Storytelling Program Weaves Tales on the Fly

Will intelligent assistants of the future, powered by machine learning algorithms, be able to craft interactive stories on the fly? A team at the Entertainment Intelligence Lab of the Georgia Institute of Technology has developed programmatic techniques that could make this scenario possible. CNET recently reported on the results of the project in which the Georgia Tech team built an interactive storytelling program called Scheherazade.

ScheherazadeThe Entertainment Intelligence Lab’s website states that one of their primary focus areas is “intelligent narrative computing.” Scheherazade differs from other story generating applications, because it doesn’t need to be programmed in advance to understand the subject matter of the tale. Scheherazade can create an interactive narrative about any topic using its ability to construct a plot graph.

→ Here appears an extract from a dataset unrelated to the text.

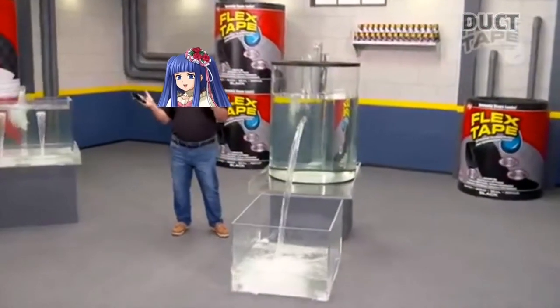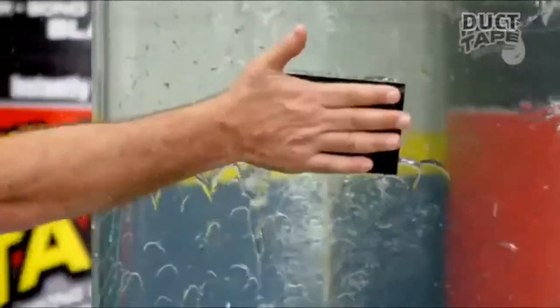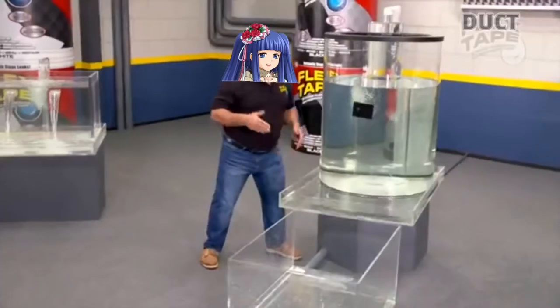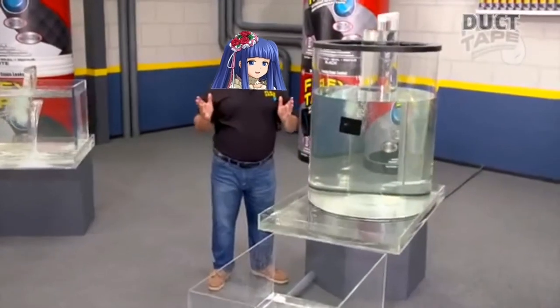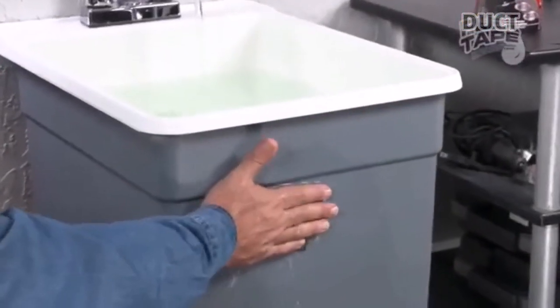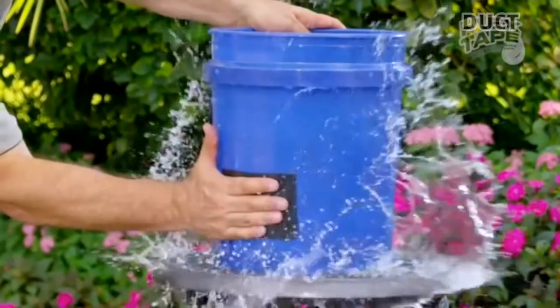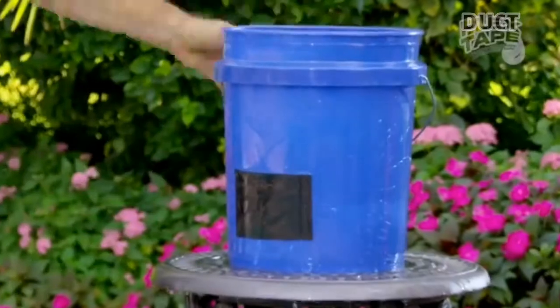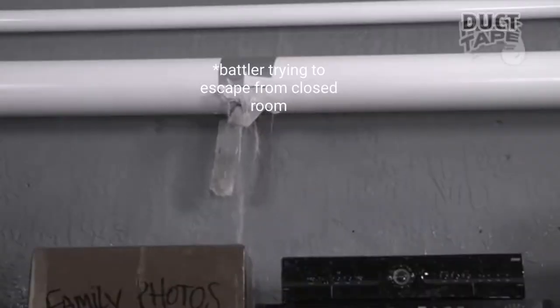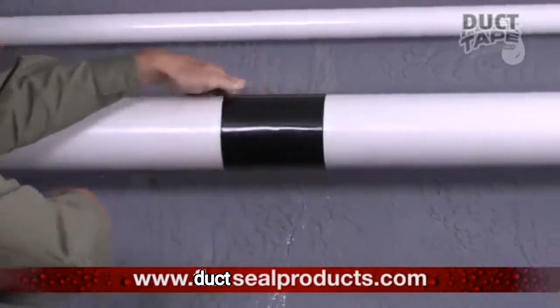The Super Strong Waterproof Tape that can instantly patch, bond, seal, and repair. Duct Tape is no ordinary tape — its triple thick adhesive virtually welds itself to the surface, instantly stopping the toughest leaks. Leaky pipes can cause major damage, but Duct Tape grips on tight and bonds instantly.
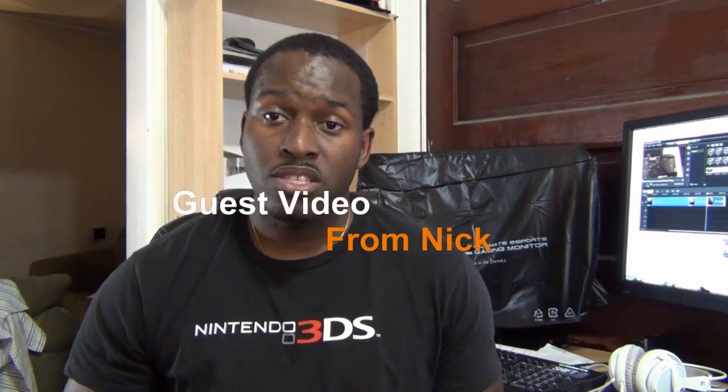Hi, this is Thundee from Boardatwork.com and today I have a very cool video to show you. This is from one of our fans of Boardatwork, Nick, who is the winner of the Kingston 120 gigabyte SSD in our 5th anniversary giveaway. And he's going to be showing you how to install that SSD with an OptiBay into your MacBook Pro. Check it out and enjoy.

For their research, the team sourced narrative sequences from a crowdsourcing platform.  These sequences consisted of linear examples of typical events. For example, narrative sequences describing a cruise vacation might look something like this: Jack and Jill plan a cruise vacation, Jill buys cruise ship tickets, Jack and Jill prepare for the cruise, they arrive at the cruise ship, they spend the first night aboard the boat, they get off the boat at the first island stop, and so on.

When someone requests that Scheherazade tell them an interactive story about cruise vacations, it checks to see if it already has a plot graph on that topic. If it doesn’t have a plot graph, the program accesses the human-authored, crowdsourced linear story examples and applies algorithms to create the plot graph. Once the plot graph has been established, Scheherazade can choose plausible alternative storylines to weave together an interesting narrative that the listener can influence.

According to the Entertainment Intelligence Lab’s report, Scheherazade’s stories were judged to be at least as plausible and enjoyable as those created by humans using the same plot snippets. Interactive games can certainly leverage the type of interactive narrative generation that the Entertainment Intelligence Lab’s work describes. Will our future intelligent assistants one day use these same,or similar capabilities to entertain us? Only time will tell, but we all know how compelling entertainment can be.